In Montessori, True Creativity Forms Below the Surface
At gathering of parents who are interested in our Montessori preschool programs we often hear questions like this one that a father who seemed impressed with Montessori asked: “But what about creativity? I get that the environment in your classrooms helps build important executive functioning skills, and that the academics are strong. But will all the structure in Montessori it stifle my child’s creativity?”
This father’s question spoke to an important educational issue: A recent poll of 1,500 CEOs identified creativity as the most critical leadership skill, one which, for the first time ever, has been in decline in the US since the 1990’s.
This father’s concern is plausible. At first glance, a Montessori preschool or elementary classroom doesn’t scream “this is a creative space.” Experts do not come in to offer specialized art classes during the school day. Children’s creative expression is not prominently on display along the walls.
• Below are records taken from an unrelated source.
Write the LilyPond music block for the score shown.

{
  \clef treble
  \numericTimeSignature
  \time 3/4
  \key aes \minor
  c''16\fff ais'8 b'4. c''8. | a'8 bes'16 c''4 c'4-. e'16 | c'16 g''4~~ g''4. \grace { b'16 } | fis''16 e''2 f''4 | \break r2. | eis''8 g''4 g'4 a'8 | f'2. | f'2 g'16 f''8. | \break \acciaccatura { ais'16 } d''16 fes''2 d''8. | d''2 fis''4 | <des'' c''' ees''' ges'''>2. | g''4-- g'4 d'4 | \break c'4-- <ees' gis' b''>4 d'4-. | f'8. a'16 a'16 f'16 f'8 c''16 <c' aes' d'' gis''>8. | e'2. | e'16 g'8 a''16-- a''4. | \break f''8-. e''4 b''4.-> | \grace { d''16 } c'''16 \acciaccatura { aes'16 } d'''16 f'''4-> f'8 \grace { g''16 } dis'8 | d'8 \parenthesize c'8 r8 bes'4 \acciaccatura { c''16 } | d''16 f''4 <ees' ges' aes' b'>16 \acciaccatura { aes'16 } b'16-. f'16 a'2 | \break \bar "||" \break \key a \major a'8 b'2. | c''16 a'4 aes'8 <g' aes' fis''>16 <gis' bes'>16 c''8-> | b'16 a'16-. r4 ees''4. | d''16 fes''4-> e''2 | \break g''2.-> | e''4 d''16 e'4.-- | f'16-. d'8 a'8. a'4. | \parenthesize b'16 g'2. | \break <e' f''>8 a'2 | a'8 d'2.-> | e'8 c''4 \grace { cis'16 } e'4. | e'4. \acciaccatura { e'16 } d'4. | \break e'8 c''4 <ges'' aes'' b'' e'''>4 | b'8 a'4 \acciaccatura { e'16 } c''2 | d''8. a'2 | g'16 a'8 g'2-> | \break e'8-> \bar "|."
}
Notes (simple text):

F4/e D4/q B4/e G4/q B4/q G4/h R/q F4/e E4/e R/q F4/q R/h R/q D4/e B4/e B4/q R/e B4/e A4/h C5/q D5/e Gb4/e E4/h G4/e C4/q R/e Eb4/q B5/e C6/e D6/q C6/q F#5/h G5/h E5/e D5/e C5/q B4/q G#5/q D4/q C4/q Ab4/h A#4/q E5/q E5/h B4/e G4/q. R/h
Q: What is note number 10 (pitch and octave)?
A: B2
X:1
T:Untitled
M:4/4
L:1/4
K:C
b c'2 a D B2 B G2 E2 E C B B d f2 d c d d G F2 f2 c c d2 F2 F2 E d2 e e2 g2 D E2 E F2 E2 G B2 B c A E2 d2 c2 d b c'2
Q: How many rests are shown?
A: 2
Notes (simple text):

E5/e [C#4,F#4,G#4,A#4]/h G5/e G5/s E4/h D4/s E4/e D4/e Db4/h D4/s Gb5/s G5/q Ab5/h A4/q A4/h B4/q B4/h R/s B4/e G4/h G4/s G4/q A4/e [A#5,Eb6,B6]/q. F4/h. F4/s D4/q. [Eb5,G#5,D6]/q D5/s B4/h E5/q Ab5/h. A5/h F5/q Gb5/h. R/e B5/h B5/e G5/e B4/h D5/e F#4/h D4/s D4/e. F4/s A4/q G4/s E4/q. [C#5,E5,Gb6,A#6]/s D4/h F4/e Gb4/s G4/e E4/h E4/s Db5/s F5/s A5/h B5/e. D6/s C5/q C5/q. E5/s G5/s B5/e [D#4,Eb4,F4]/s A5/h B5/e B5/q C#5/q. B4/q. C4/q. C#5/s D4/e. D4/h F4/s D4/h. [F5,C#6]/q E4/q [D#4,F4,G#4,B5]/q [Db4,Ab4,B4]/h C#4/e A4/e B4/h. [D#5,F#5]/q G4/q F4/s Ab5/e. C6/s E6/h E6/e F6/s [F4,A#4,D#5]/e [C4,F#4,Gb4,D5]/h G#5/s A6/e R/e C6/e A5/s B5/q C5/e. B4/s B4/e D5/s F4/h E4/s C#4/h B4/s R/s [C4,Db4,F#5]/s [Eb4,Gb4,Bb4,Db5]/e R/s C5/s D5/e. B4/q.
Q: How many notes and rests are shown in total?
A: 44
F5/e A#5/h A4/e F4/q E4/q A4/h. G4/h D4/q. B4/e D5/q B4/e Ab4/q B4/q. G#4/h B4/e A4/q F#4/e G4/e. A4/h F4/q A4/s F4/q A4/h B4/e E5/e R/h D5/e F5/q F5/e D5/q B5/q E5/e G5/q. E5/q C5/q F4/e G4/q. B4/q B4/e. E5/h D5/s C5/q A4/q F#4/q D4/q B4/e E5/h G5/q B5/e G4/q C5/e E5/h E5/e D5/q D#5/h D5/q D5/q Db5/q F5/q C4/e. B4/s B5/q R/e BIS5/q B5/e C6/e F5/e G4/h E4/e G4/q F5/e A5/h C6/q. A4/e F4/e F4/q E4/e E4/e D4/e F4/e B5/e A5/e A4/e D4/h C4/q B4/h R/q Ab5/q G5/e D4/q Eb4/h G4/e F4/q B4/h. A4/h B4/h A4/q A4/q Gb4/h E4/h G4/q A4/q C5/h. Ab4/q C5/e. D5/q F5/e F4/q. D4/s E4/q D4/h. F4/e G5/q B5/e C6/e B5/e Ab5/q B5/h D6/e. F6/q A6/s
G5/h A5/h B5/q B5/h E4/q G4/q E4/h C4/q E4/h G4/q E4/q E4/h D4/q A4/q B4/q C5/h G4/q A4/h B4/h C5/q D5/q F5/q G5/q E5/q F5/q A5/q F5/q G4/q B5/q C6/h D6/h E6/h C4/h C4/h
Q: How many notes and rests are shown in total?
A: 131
The classroom atmosphere is calm, orderly, and a touch zen-like; there isn’t a messy art zone in sight, nor are there lots of unstructured toys or pretend play materials out and about all over the room. The Montessori preschool materials, while esthetically beautiful and inspiring, are designed to impart certain specific skills, in a very definite manner: the ability to identify colors by lining up the Color Tables in a careful gradation, to perceive and match tones of music by comparing the tones made by the Montessori Bells, to control a pencil by carefully coloring in the Metal Insets with parallel lines.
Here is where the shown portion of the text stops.